All of lore.kernel.org
 help / color / mirror / Atom feed
From: Vlad Yasevich <vyasevic@redhat.com>
To: "Michael S. Tsirkin" <mst@redhat.com>, Jiri Pirko <jiri@resnulli.us>
Cc: jtluka@redhat.com, netdev@vger.kernel.org,
	bridge@lists.linux-foundation.org, stephen@networkplumber.org,
	edumazet@google.com, laine@redhat.com, zhiguohong@tencent.com,
	paulmck@linux.vnet.ibm.com, davem@davemloft.net
Subject: Re: [Bridge] [patch net/stable v2] br: fix use of ->rx_handler_data in code executed on non-rx_handler path
Date: Mon, 09 Dec 2013 14:31:49 -0500	[thread overview]
Message-ID: <52A61AA5.9000000@redhat.com> (raw)
In-Reply-To: <20131209115835.GA15564@redhat.com>

On 12/09/2013 06:58 AM, Michael S. Tsirkin wrote:
> On Thu, Dec 05, 2013 at 04:27:37PM +0100, Jiri Pirko wrote:
>> br_stp_rcv() is reached by non-rx_handler path.

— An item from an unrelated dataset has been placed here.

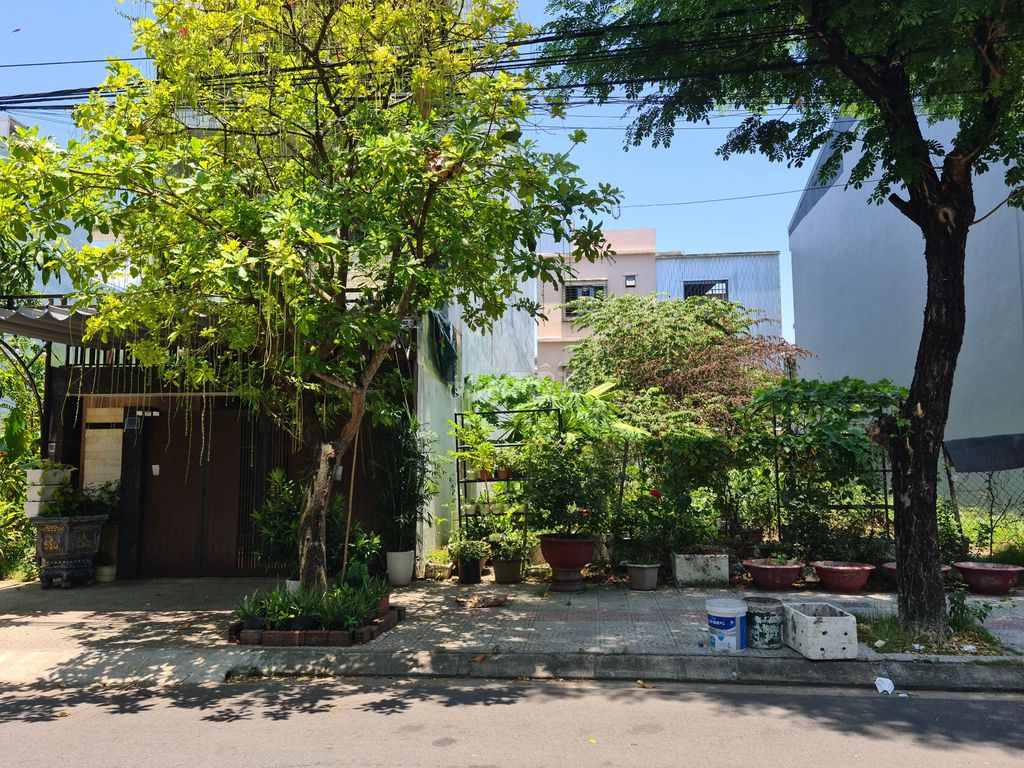 4349419 ảnh đại diện 1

That means there is no
>> guarantee that dev is bridge port and therefore simple NULL check of
>> ->rx_handler_data is not enough. There is need to check if dev is really
>> bridge port and since only rcu read lock is held here, do it by checking
>> ->rx_handler pointer.
>>
>> Note that synchronize_net() in netdev_rx_handler_unregister() ensures
>> this approach as valid.
>>
>> Introduced originally by:
>> commit f350a0a87374418635689471606454abc7beaa3a
>>   "bridge: use rx_handler_data pointer to store net_bridge_port pointer"
>>
>> Fixed but not in the best way by:
>> commit b5ed54e94d324f17c97852296d61a143f01b227a
>>   "bridge: fix RCU races with bridge port"
>>
>> Reintroduced by:
>> commit 716ec052d2280d511e10e90ad54a86f5b5d4dcc2
>>   "bridge: fix NULL pointer deref of br_port_get_rcu"
>>
>> Please apply to stable trees as well. Thanks.
>>
>> RH bugzilla reference: https://bugzilla.redhat.com/show_bug.cgi?id=1025770
>>
>> Reported-by: Laine Stump <laine@redhat.com>
>> Debugged-by: Michael S. Tsirkin <mst@redhat.com>
>> Signed-off-by: Michael S. Tsirkin <mst@redhat.com>
>> Signed-off-by: Jiri Pirko <jiri@resnulli.us>
>> ---
>> v1->v2: moved br_port_get_check_rcu definition below br_handle_frame definition
>>
>>  net/bridge/br_private.h  | 10 ++++++++++
>>  net/bridge/br_stp_bpdu.c |  2 +-
>>  2 files changed, 11 insertions(+), 1 deletion(-)
>>
>> diff --git a/net/bridge/br_private.h b/net/bridge/br_private.h
>> index 229d820..045d56e 100644
>> --- a/net/bridge/br_private.h
>> +++ b/net/bridge/br_private.h
>> @@ -426,6 +426,16 @@ netdev_features_t br_features_recompute(struct net_bridge *br,
>>  int br_handle_frame_finish(struct sk_buff *skb);
>>  rx_handler_result_t br_handle_frame(struct sk_buff **pskb);
>>  
>> +static inline bool br_rx_handler_check_rcu(const struct net_device *dev)
>> +{
>> +	return rcu_dereference(dev->rx_handler) == br_handle_frame;
> 
> Actually this started to bother me.
> rcu_dereference is for when we dereference, isn't it?
> I think we should use rcu_access_pointer here.
> 
> 
>> +}
> 
> 
> Given all the confusion, how about we create an API to
> access rx handler data outside rx handler itself in a
> safe, documented way?
> 
> If everyone agrees, we can then re-implement
> br_port_get_check_rcu on top of this API.
> 
> What do others think?
> 
> ---
> 
> netdevice: allow access to rx_handler_data outside rx handler
> 
> rx_handler_data is easy to use correctly within
> rx handler itself. Outside of that context, one must
> validate the handler first.
> 
> Add an API to do this in a uniform way.
> 
> Signed-off-by: Michael S. Tsirkin <mst@redhat.com>

This looks very nice is a usefull API.

Acked-by: Vlad Yasevich <vyasevic@redhat.com>

however, as I mentioned to Jiri, I've been trying to understand why
Stephen's patch is insufficient and so far I can't come up with a race
scenario that would break a simple check for dev->priv_flags.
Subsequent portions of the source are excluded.